Sein glückliches Händchen hat sich jedoch auch auf die Wahl der Schauspieler übertragen. Christopher Lee in seinen besten Tagen sorgt für eine atemberaubende Performance und erfüllt besonders die Rolle des 'Dämons' mit einer rachedürstigen, fiesen Ausstrahlung. Sein gemeines Lächeln ist bei der entsprechenden Zuschauer-Stimmung sogar richtig angsteinflößend. Seine Kollegin Daliah Lavi steht dem in nichts nach. Die zu dieser Zeit gerade mal 23-jährige Schauspielerin gibt die Rolle der von Obsessionen übermannten Nevenka mit purer Hingabe und beweist gerade in den abstoßend-erotischen Szenen ihre Qualitäten als Charakter-Darstellerin. Lee und Lavi geben in diesem Film ein wahrhaftig perfektes Gespann ab, das die übrigen, ebenfalls sehr gut spielenden Darsteller klar in den Schatten stellt.
Bleibt noch die Handlung an sich, und auch hier gibt es nirgendwo Grund zur Kritik. Die Horor-Elemente sowie die Szenen, in denen sich Lavi ihrer Leidenschaft hingibt, sind für das Genre revolutionär gewesen, weswegen mal wieder Teile des Films vorab geschnitten und hier zum ersten Mal für den deutschen Raum zugänglich gemacht wurden, und das wie immer mit deutschen Untertiteln. Für Spannung ist von Anfang an gesorgt, denn sobald Kurt Menliff in den Schoß seiner Familie zurückkehrt, spürt man die seltsame Stimmung und weiß, dass hier einiges nicht mit rechten Dingen zugeht bzw. dass man keinem der Akteure trauen kann. So bleibt auch bis zum Ende die Frage offen, wer den Mord an Kurt und den Mord an seinem Vater (später im Film) begangen hat, denn Motive gibt es innerhalb der Sippe der Menliffs genügend.
Was mir persönlich sehr gut gefällt, ist, dass Bava nie zur Übertreibung neigt. Trotz so mancher skurillen Darstellung bleibt der Regisseur im Hinblick auf die eingesetzten Elemente auf dem Teppich und steigert sich nicht zu sehr ins Übersinnliche hinein. Aus all diesen Gründen spricht auch alles dafür, hier von einem ersten Meisterwerk des Gothic-Horror zu reden, das aufgrund der vielfältigen Einflüsse aus dem Bereich des Kriminalfilms diese Bezeichnung definitiv verdient.
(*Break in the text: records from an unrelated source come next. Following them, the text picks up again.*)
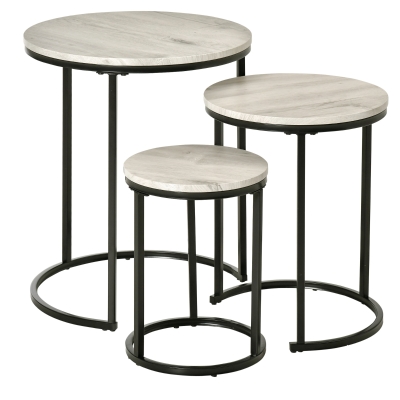 HOMCOM Beistelltisch 51 cm x 51 cm x 60 cm
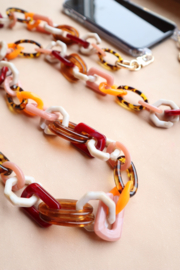 Phone chain - rood bruin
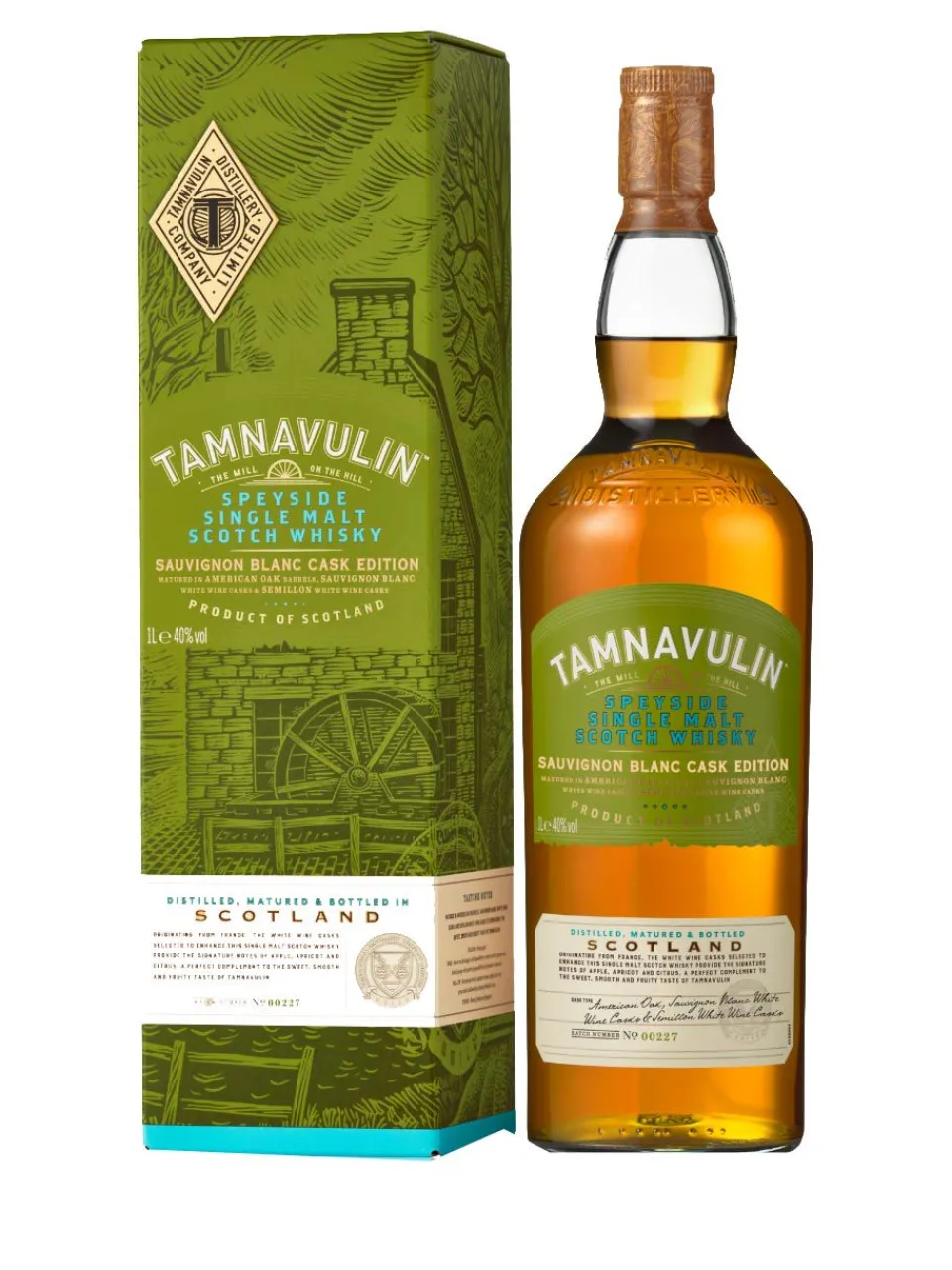 Hot tamnavulin Sauvignon Blanc Cask Edition Speyside Single Malt Scotch Whisky 40% 1L gift pack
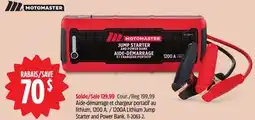 Canadian Tire MotoMaster 1200A Lithium Jump Starter and Power Bank offer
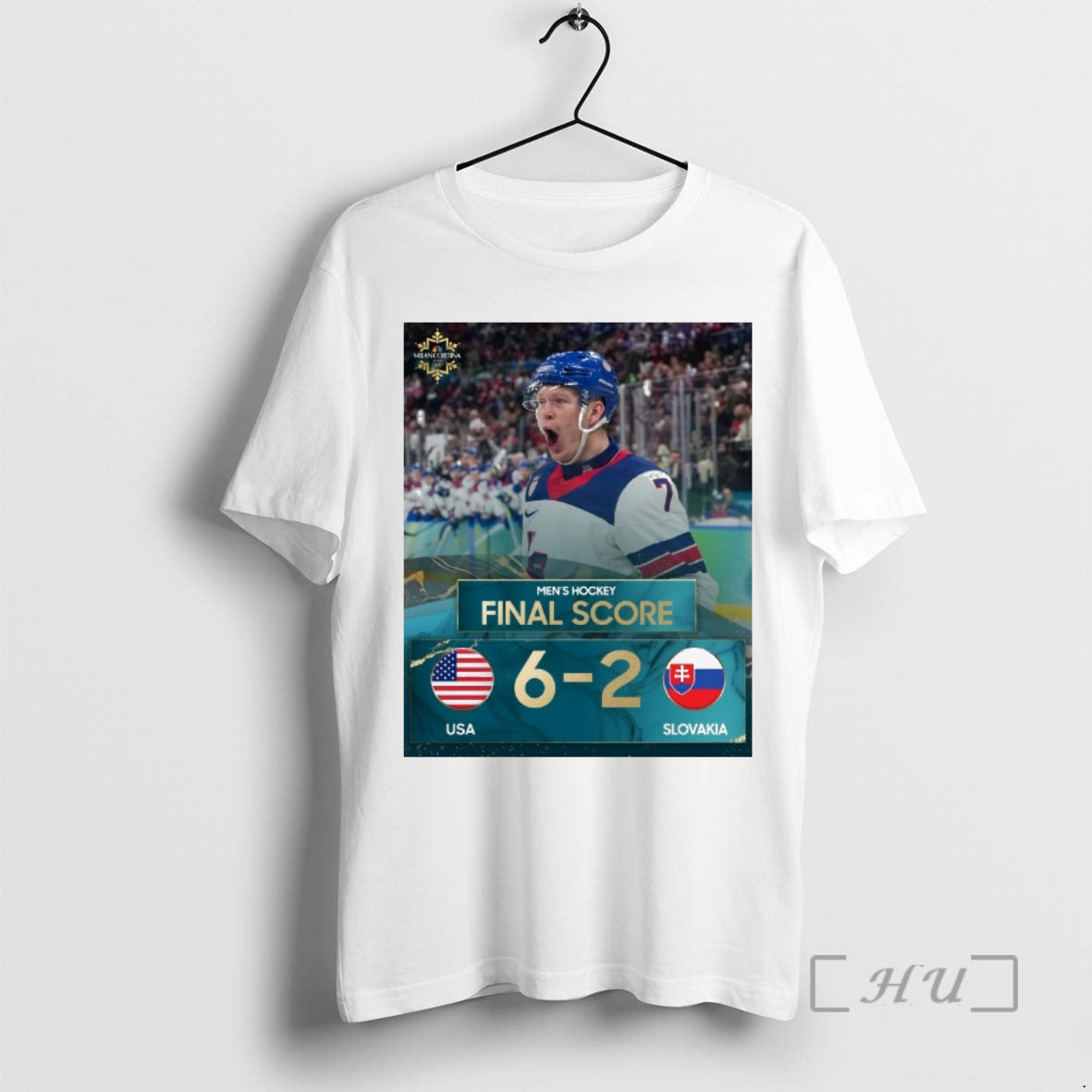 Officials Mens Hockey Final Score Usa 6 2 Slovakia All Gas All Heart Winter Olympics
Die Aufarbeitung der DVD ist ausgezeichnet. Die farbenfrohen Bilder, Bavas Hauptwerkzeug, kommen auf dem Silberling sehr gut zur Geltung und werden nur geringfügig durch Bildrauschen gestört. Der Ton hingegen lässt keine Wünsche offen. Bedrohliche Geräusche und die Dialoge sind sehr gut eingefangen, auch wenn in Sachen Raumklang bei DD 1.0 nicht zu viel erwartet werden darf. Dafür gibt es aber überraschend viele Extras zu bestaunen: ein Audiokommentar von Tim Lucas, diverse Originaltrailer, eine außerordentlich umfangreiche Bildergalerie, verschiedene Titelsequenzen, ausführliche Linernotes im umfangreichen Booklet und die üblichen Bio- und Filmografien - e-m-s können hier aus dem Vollen schöpfen und haben die DVD ziemlich voll mit interessantem Stoff gepackt. Dazu kommt ein feiner Pappschuber für den Sammler der neuen Bava-Edition. Keine Frage, hier muss man von einem rundum gelungenen Projekt sprechen, welches sich Fans des klassischen Horrorfilms auf keinen Fall entgehen lassen sollten.